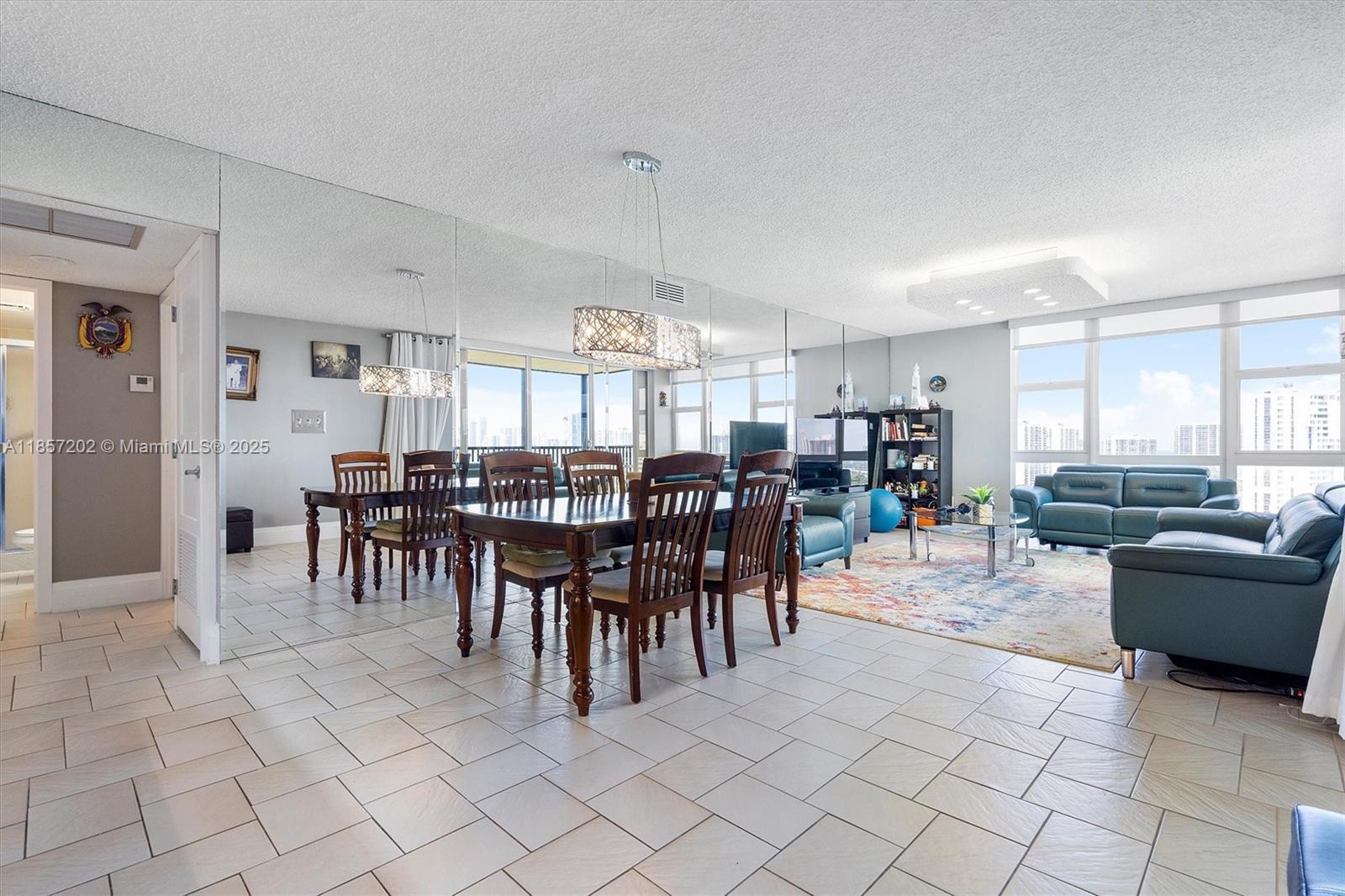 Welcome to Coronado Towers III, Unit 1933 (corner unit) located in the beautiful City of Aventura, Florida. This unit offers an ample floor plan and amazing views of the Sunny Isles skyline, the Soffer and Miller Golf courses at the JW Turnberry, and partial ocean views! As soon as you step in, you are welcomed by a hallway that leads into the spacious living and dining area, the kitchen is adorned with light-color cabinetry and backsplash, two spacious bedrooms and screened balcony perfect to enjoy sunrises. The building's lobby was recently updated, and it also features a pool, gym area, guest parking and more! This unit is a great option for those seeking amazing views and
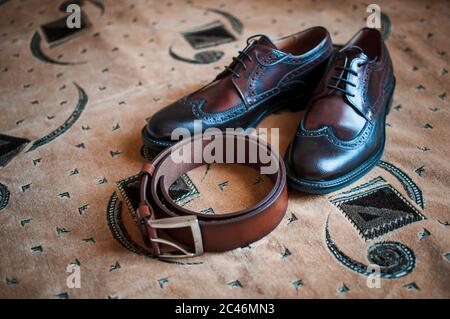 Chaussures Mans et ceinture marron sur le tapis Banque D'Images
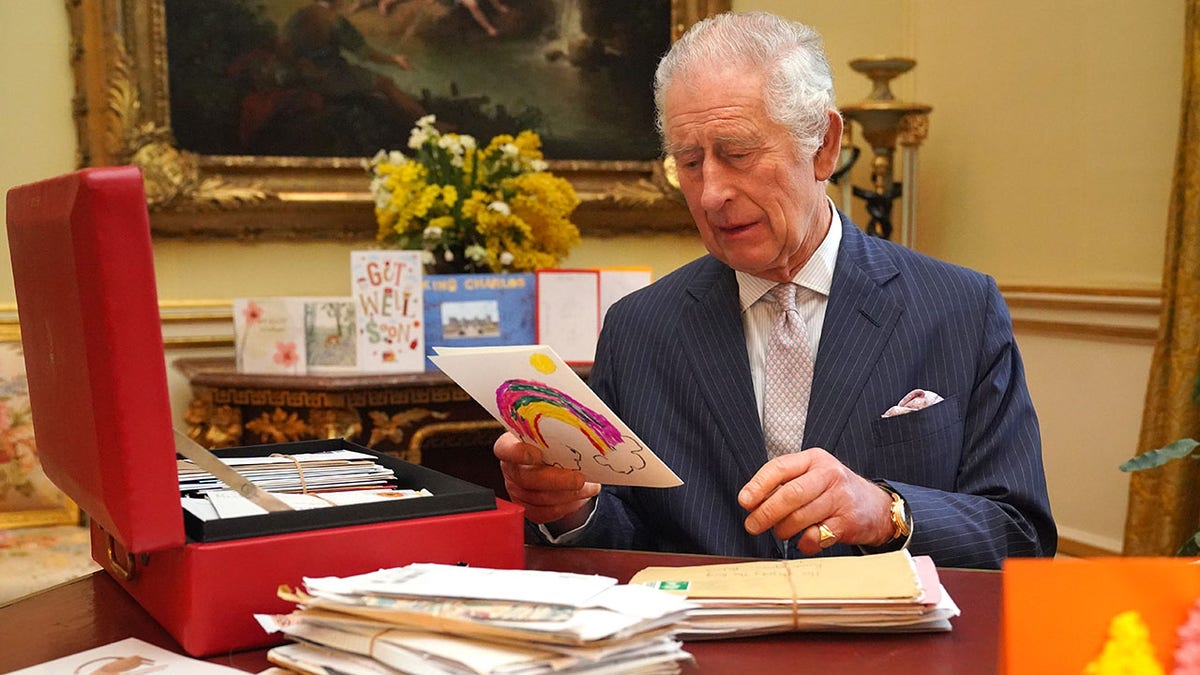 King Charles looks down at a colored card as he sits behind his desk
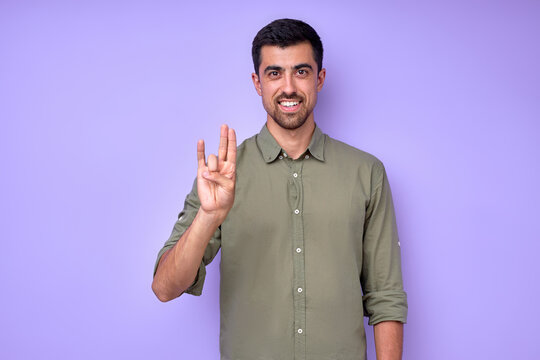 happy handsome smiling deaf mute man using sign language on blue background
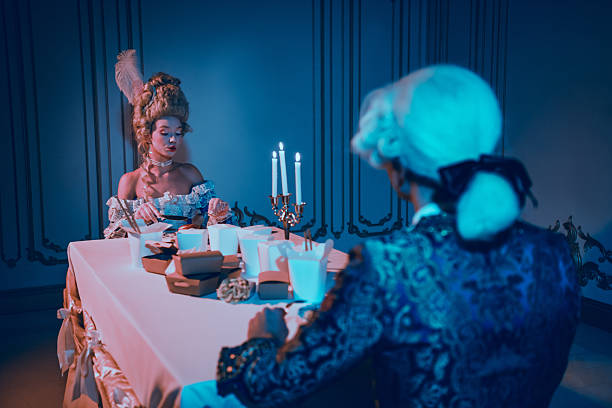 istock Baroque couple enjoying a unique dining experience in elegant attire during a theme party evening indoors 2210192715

------------------------------------------------------------------------

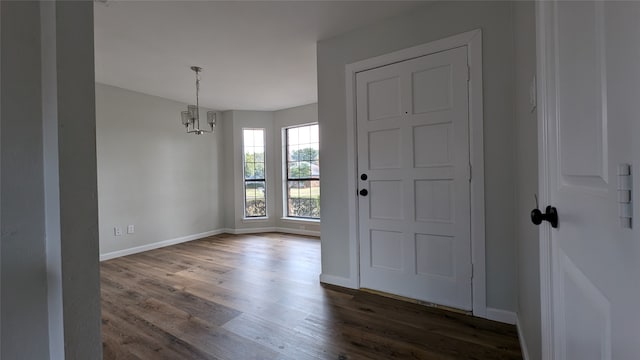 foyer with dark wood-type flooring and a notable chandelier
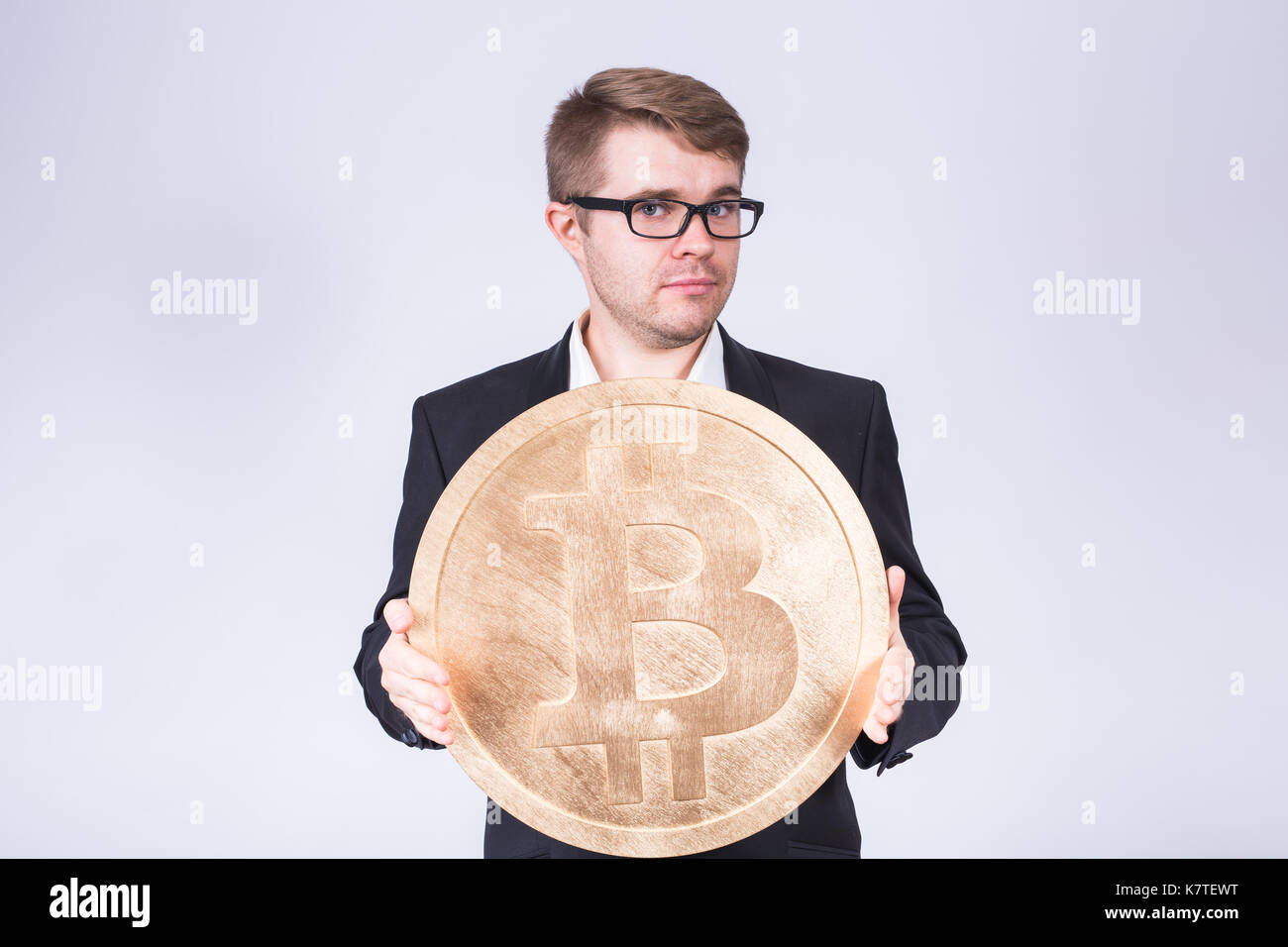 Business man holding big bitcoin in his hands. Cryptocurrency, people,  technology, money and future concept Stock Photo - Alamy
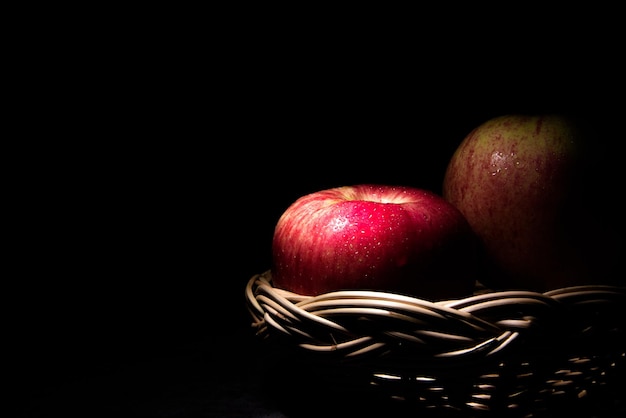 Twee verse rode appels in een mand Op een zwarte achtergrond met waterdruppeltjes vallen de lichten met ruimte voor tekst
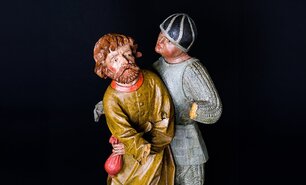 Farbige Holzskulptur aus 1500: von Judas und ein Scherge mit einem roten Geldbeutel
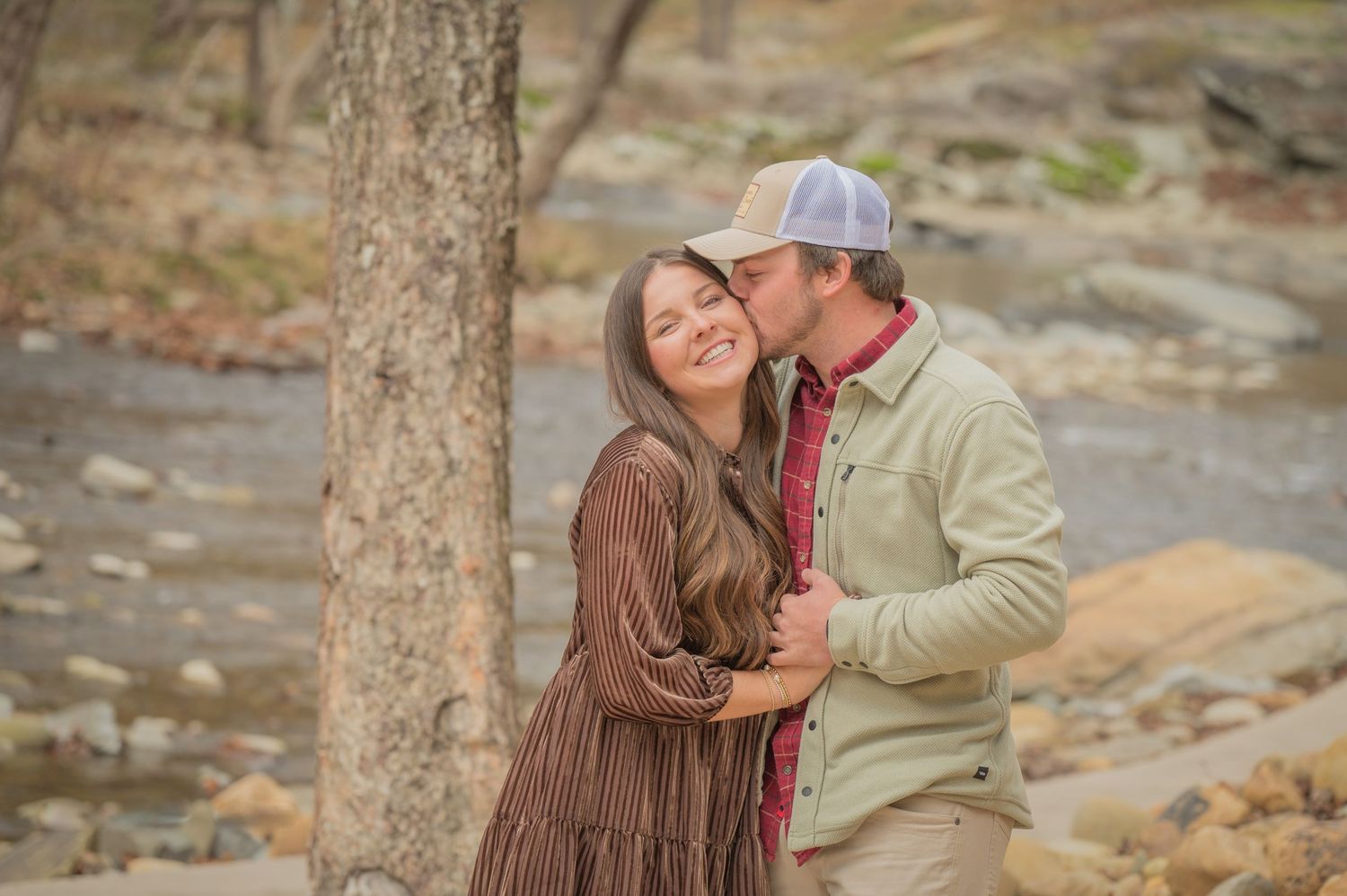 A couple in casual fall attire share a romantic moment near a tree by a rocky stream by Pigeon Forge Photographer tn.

------------------------------------------------------------------------

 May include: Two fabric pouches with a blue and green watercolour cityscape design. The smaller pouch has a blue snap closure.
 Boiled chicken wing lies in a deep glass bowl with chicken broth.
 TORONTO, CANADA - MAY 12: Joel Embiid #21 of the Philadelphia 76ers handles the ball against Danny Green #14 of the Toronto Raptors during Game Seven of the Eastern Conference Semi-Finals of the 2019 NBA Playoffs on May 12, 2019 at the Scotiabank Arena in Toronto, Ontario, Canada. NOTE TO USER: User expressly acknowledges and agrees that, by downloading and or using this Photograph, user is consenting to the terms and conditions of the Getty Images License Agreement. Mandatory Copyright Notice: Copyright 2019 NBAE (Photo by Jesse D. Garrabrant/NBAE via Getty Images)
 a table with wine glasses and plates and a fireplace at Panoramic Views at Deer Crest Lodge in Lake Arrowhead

------------------------------------------------------------------------

The material above holds pictures; leave them out and set down exactly the lines from the line with "King Charles looks" to the line with "istock Baroque couple", both included.

 King Charles looks down at a colored card as he sits behind his desk
 happy handsome smiling deaf mute man using sign language on blue background
 istock Baroque couple enjoying a unique dining experience in elegant attire during a theme party evening indoors 2210192715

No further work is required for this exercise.